Each line from the one with "Y Goleuad Saturday 15 January 1876 Page 14" through the final line of the entries below must be printed exactly, and the pictures must not be.

++++++++++

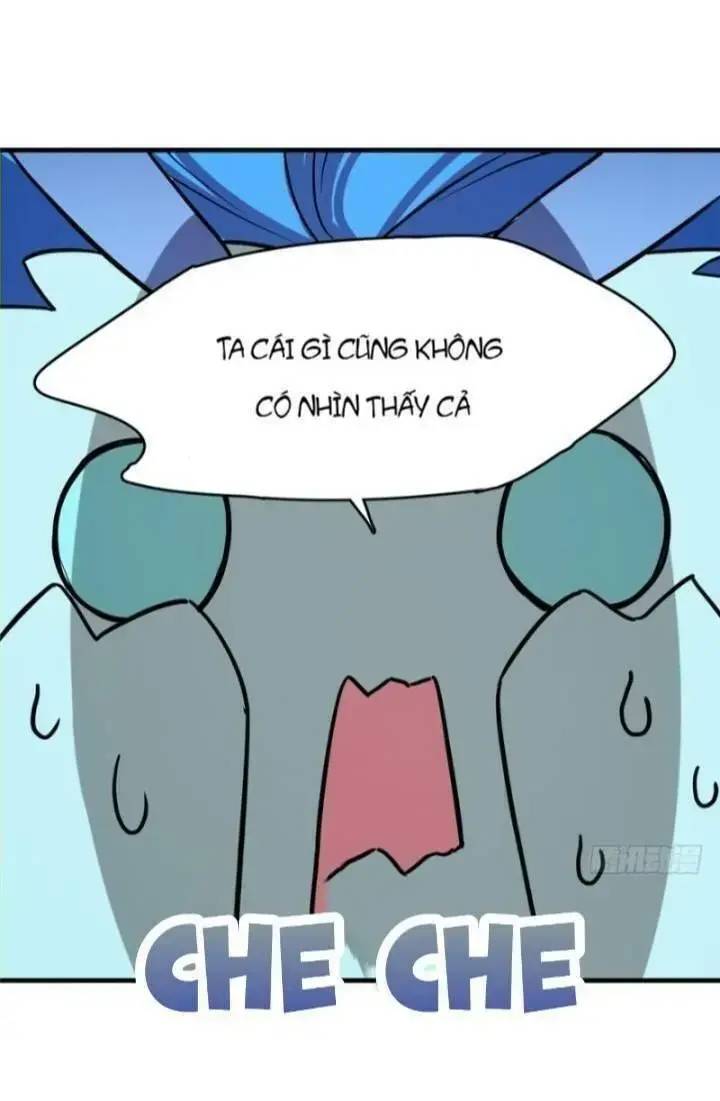 Độc Bộ Thiên Hạ Đặc Công Thần Y Tiểu Thú Phi - Chap 135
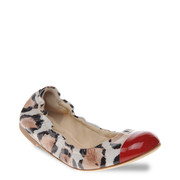GIUSEPPE ZANOTTI DESIGN - ballets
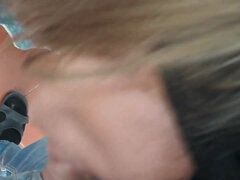 Péro, Dávenie, Hd, Podpätky, Latex, Latinskej, Nylonové, Otrok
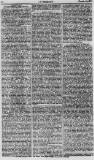 Y Goleuad Saturday 15 January 1876 Page 14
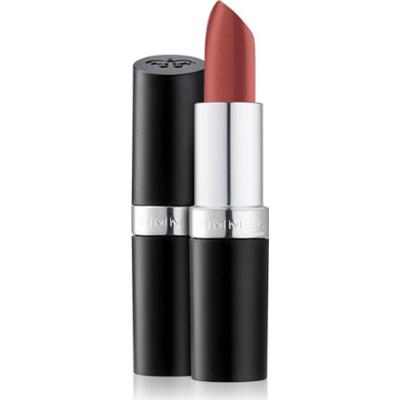 Rimmel Lasting Finish szminka trwała odcień 050 Natural Crush 4 g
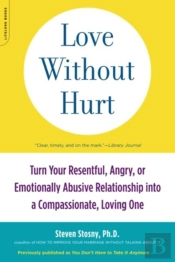 Love Without Hurt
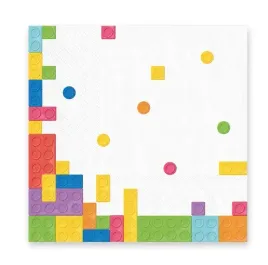serwetki-papierowe-klocki-block-dekoracja-10szt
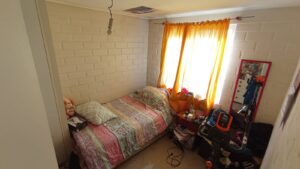 whatsapp image 2024 11 22 at 09.23.32 (1)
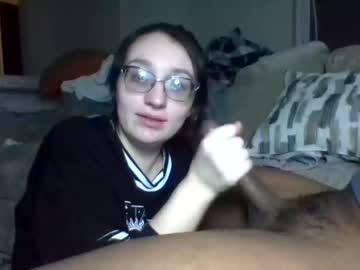 [13-01-23] justanotherfangirl record cam video from Chaturbate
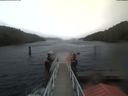 ./images/calvert/dock/20201219/dock20201219_130503.jpg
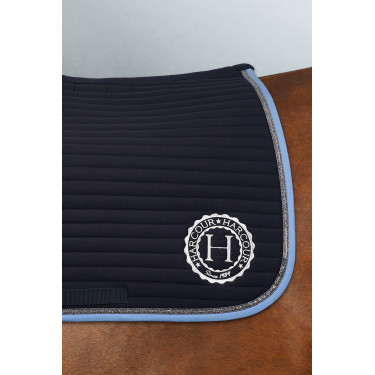 Satteldecke Rider Harcour Karembar Satteldecke Rider Harcour Karembar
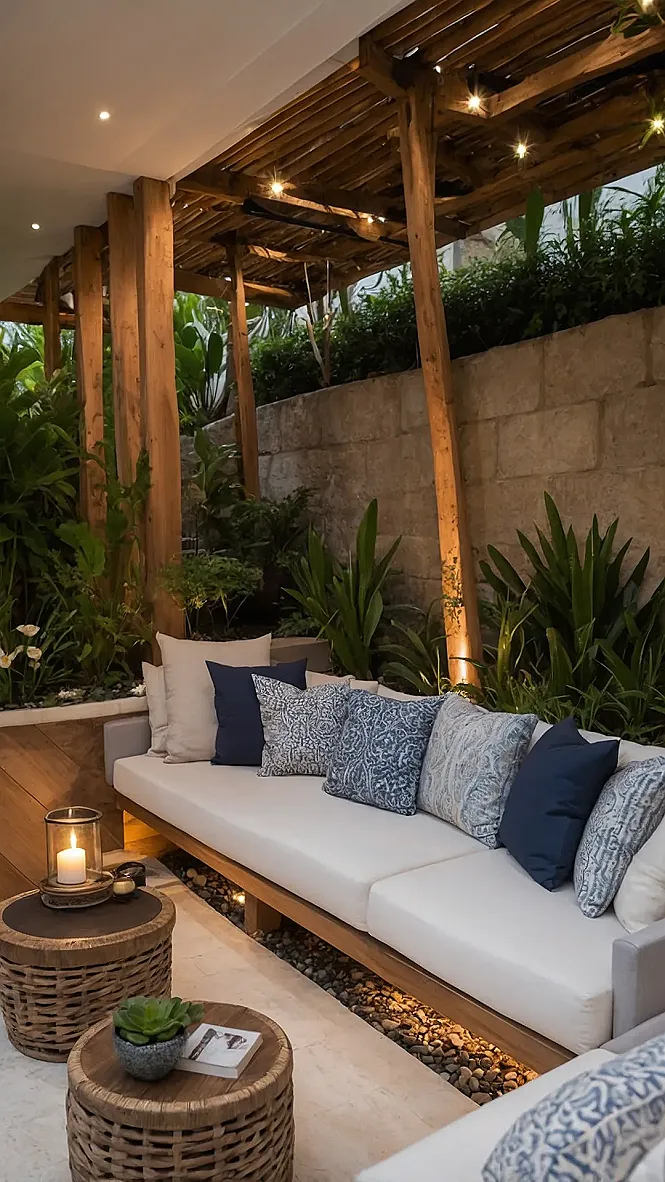 Plot Twist: Your Garden!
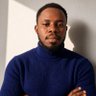 Olutola Oluwatobi Solomon's profile picture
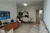 Apartamento, 2 quartos, 87 m² - Foto 4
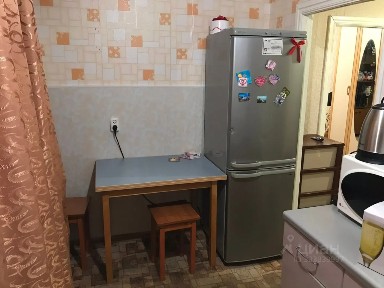 Сдается 2-комн. квартира, 49,5 м²
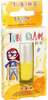 Küünelakk Tuban Tubi Glam Pearl Yellow, 5 ml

++++++++++

[Problem solution]
 Y Goleuad Saturday 15 January 1876 Page 14
 Rimmel Lasting Finish szminka trwała odcień 050 Natural Crush 4 g
 Love Without Hurt
serwetki-papierowe-klocki-block-dekoracja-10szt
 whatsapp image 2024 11 22 at 09.23.32 (1)
 [13-01-23] justanotherfangirl record cam video from Chaturbate
 ./images/calvert/dock/20201219/dock20201219_130503.jpg
 Satteldecke Rider Harcour Karembar Satteldecke Rider Harcour Karembar
 Plot Twist: Your Garden!
 Olutola Oluwatobi Solomon's profile picture
 Apartamento, 2 quartos, 87 m² - Foto 4
 Сдается 2-комн. квартира, 49,5 м²
 Küünelakk Tuban Tubi Glam Pearl Yellow, 5 ml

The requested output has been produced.